This is definitely a Clever Thing, and one I've pondered on and off. 
It will definitely speed up some things, as there's less bytecode to 
chew through, there's more of a chance for optimization by the C 
compiler when parrot's being built, and generally more opportunity to 
cheat.
I'm currently leaning against it only because it doesn't ultimately 
help the JIT. What we have now is wildly cool and damn useful (and 
has anyone heard from Daniel lately, BTW?) but there's room for more 
optimizations.
Specifically, since the interpreter struct address is fixed, the 
bytecode is fixed at JIT time, and the JIT is allowed to make 
interpreter-private JITted versions of bytecode, it means that the 
JIT already has license to take things a step beyond what you're 
looking for--since the registers are at a fixed address and the 
bytecode is fixed, the JIT can produce a stream of executable code 
that directly addresses data, which is what the micro-ops are meant 
to do.
Now, on the other hand it *does* speed up the interpreter, so it's 
definitely not an idea to discard. But if we're going to (and I'd 
still like to hold off) I think we're better off with a few special 
versions of ops that target one or twi registers directly, perhaps 
register 0 and 1, rather than have a separate set of special-purpose 
registers.
-- 
                                         Dan
--------------------------------------"it's like this"-------------------
Dan Sugalski                          even samurai
d...@sidhe.org                         have teddy bears and even
                                       teddy bears get drunk
> At 7:09 PM +0100 10/27/02, Leopold Toetsch wrote:
> 
>> So the I-register access is substituted by access to 3 global integers.
>>
>> Now, how would these globals be loaded? When are these »arg« OPs 
>> inserted?
>>
>> Currently the register optimizer in jit.c does something very similar: 
>> Setting up register access for the most used parrot registers in one 
>> execution block + load and store add block begin/end.
> 
> 
> This is definitely a Clever Thing, and one I've pondered on and off. It 
> will definitely speed up some things, as there's less bytecode to chew 
> through, there's more of a chance for optimization by the C compiler 
> when parrot's being built, and generally more opportunity to cheat.

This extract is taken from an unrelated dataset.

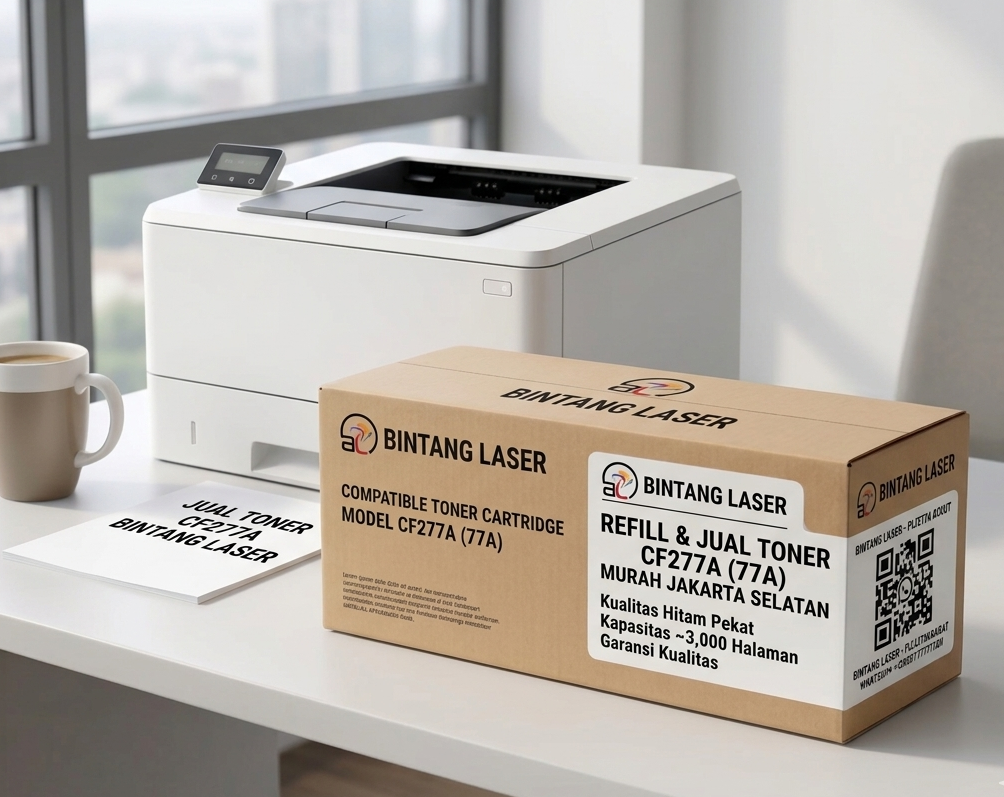 Refill Toner 77A CF277A Bintang Laser Refill Toner 77A CF277A Murah Jakarta Selatan Bintang Laser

It would also solve the multi_keyed problem. The _get_keyed argument 
preparation could fetch the PMC out of the aggregate.
> I'm currently leaning against it only because it doesn't ultimately help 
> the JIT. What we have now is wildly cool and damn useful (and has anyone 
> heard from Daniel lately, BTW?) but there's room for more optimizations.

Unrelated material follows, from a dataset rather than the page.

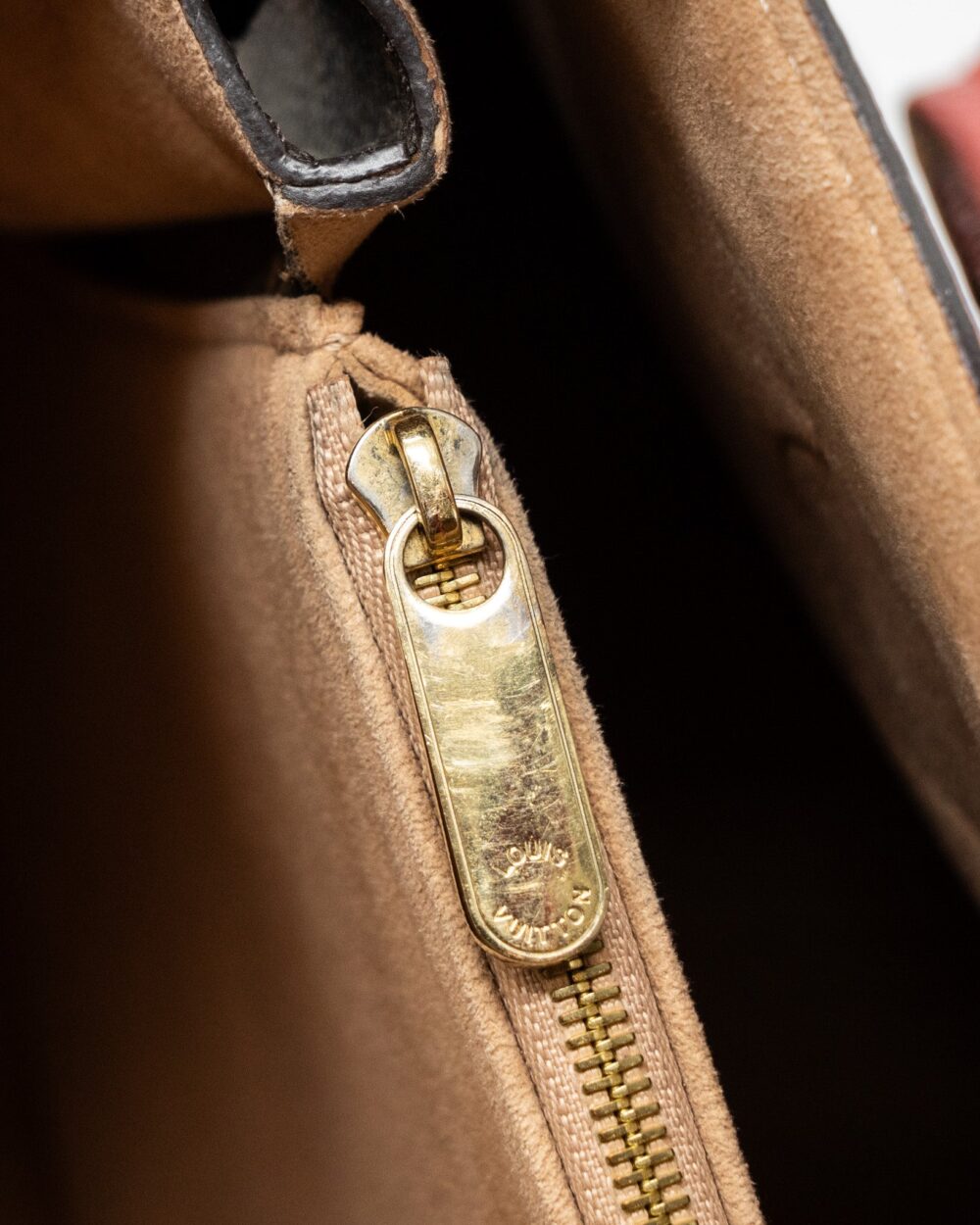 AAA Replica Louis Vuitton LV TOP HANDLE TOTE BAG MONOGRAM CANVAS / RED GHW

Yes, that's correct. JIT wouldn't profit currently. But with an 
optimized stream of (micro-)Ops, having optimzed fetch/store opcodes not 
in (basic-) block but finer granularity, JIT could profit too. Also the 
JIT-optimizer now run at load time would be done at compile time, so JIT 
startup time would be cut down.
> Now, on the other hand it *does* speed up the interpreter, so it's 
> definitely not an idea to discard. But if we're going to (and I'd still 
> like to hold off) I think we're better off with a few special versions 
> of ops that target one or twi registers directly, perhaps register 0 and 
> 1, rather than have a separate set of special-purpose registers.
My hack with the 3 globals includes obviously some cheating, globals are 
a nono, when having multiple interpreters. But nethertheless we could 
produce an optimized PBC stream, where the 3*4 registers are treated as 
"fast" registers, with load/store to the 32*4 slower registers only when 
necessary. This would also fit neatly with my proposal WRT keyed access.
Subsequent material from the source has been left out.